Family members of the victims of the school shooting gave testimony during the trials, detailing instances of harassment and threats from followers of Jones. These individuals sent threatening messages and even confronted the grieving families in person, falsely accusing them of being “crisis actors” and claiming that their children were not real.
Jones is challenging the rulings, claiming that he did not receive impartial trials and that his speech was shielded by the First Amendment.
Jones’ account has been restored amidst a wave of major companies, such as Disney and IBM, halting their advertisements on X. This decision was made following a report from the liberal group Media Matters, which revealed that ads were being displayed alongside pro-Nazi content and posts promoting white nationalism.
After Musk publicly supported an antisemitic conspiracy theory on X, he received backlash and caused others to be fearful. He later apologized and traveled to Israel, where he visited a kibbutz that was targeted by Hamas and met with important Israeli officials.
However, he has also accused advertisers of resorting to “blackmail” and, in a vulgar manner, essentially advised them to leave.
During an on-stage interview at The New York Times DealBook Summit last month, Musk stated, “Do not advertise.”

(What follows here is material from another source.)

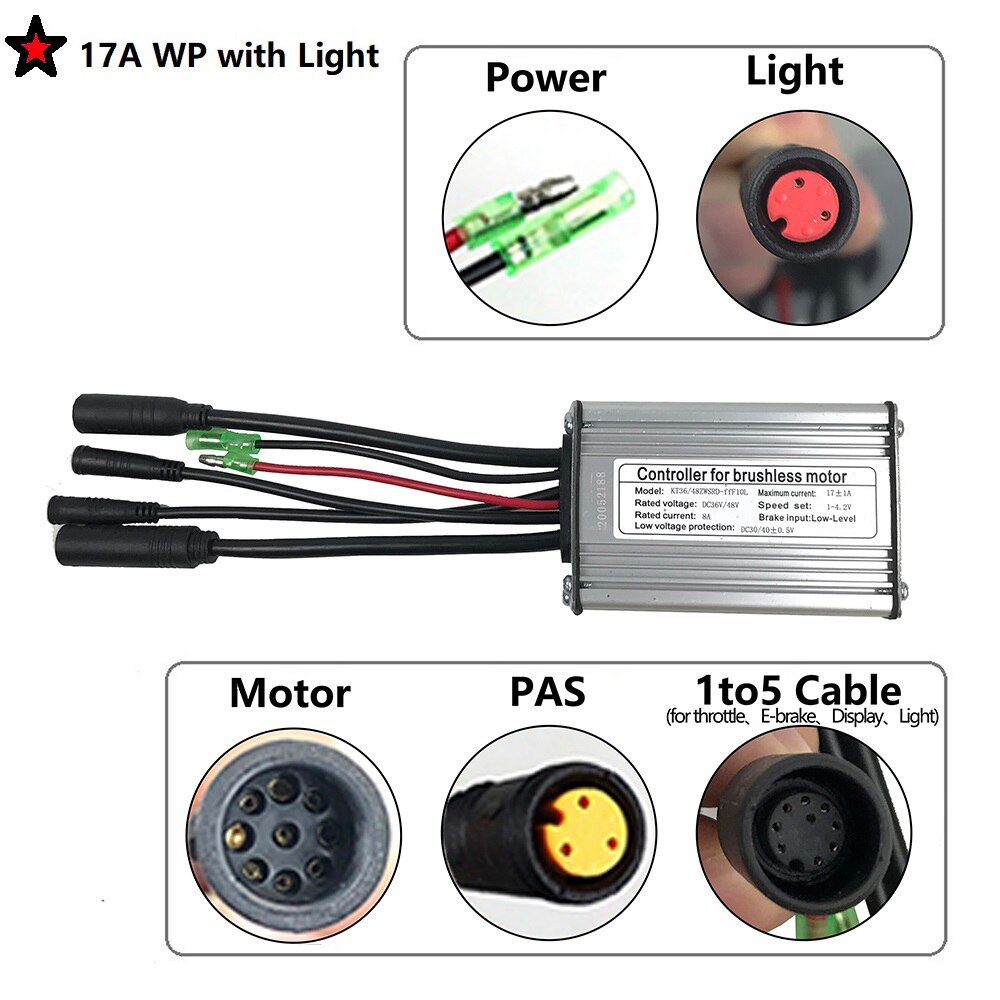 RICETOO-mando para bicicleta eléctrica, controlador de 36V/48V, Squarewave 15A/17A/22A para Ebike, Motor de 250W/350W/500W con enchufe de luz: 17A WP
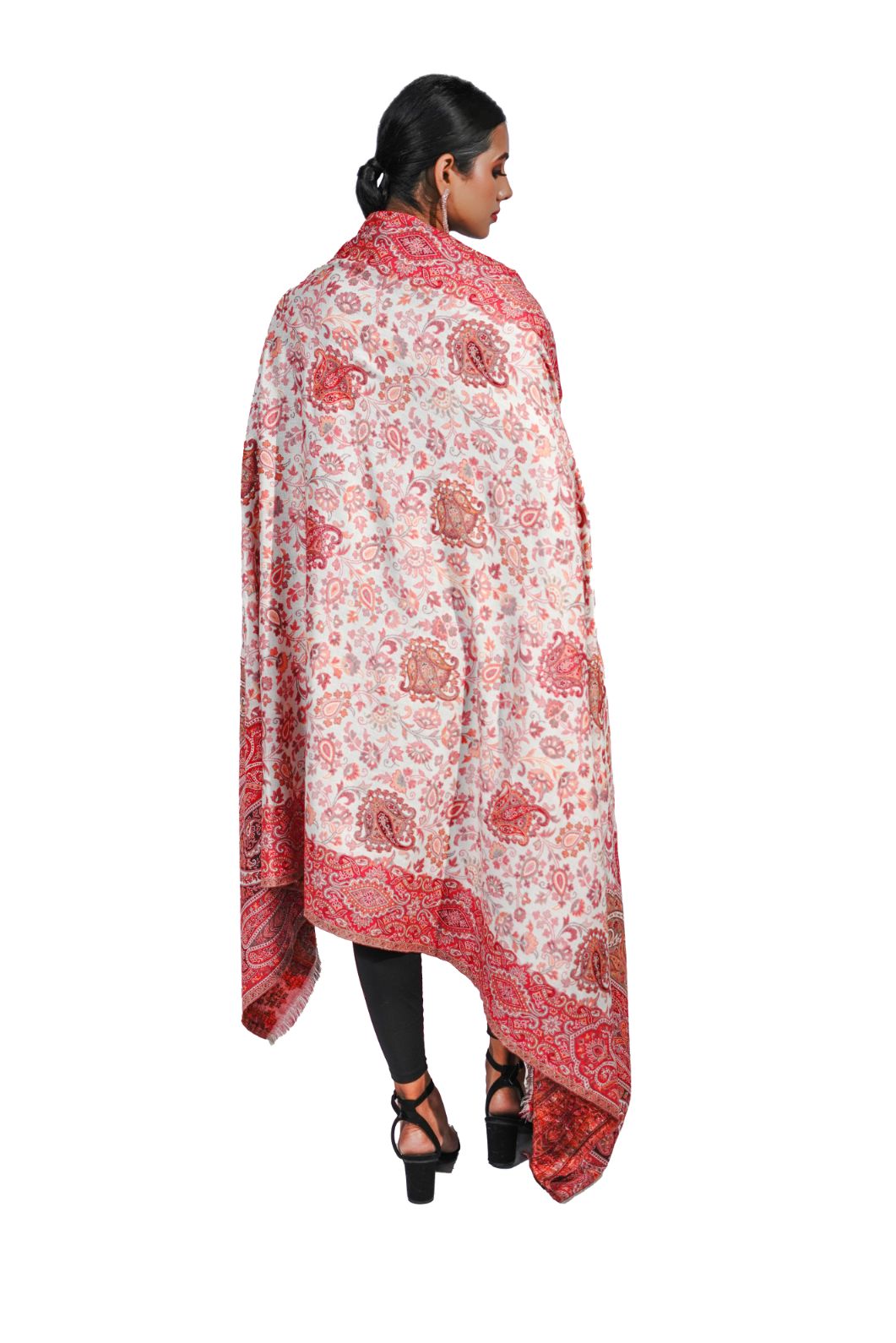 Pashmina Faux Gulabdar Red & White Traditional Kani Shawl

Last year, Musk announced that he was offering “amnesty” to suspended accounts after purchasing Twitter. He has since restored the accounts of former President Donald Trump, rapper formerly known as Kanye West (now Ye), and far-right Rep. Marjorie Taylor Greene. These individuals had previously been suspended for posting antisemitic content and violating the platform’s policies on COVID-19 misinformation.
Trump, who was banned for encouraging the Jan. 6, 2021, Capitol insurrection, has his own social media site, Truth Social, and has only tweeted once since being allowed back on X.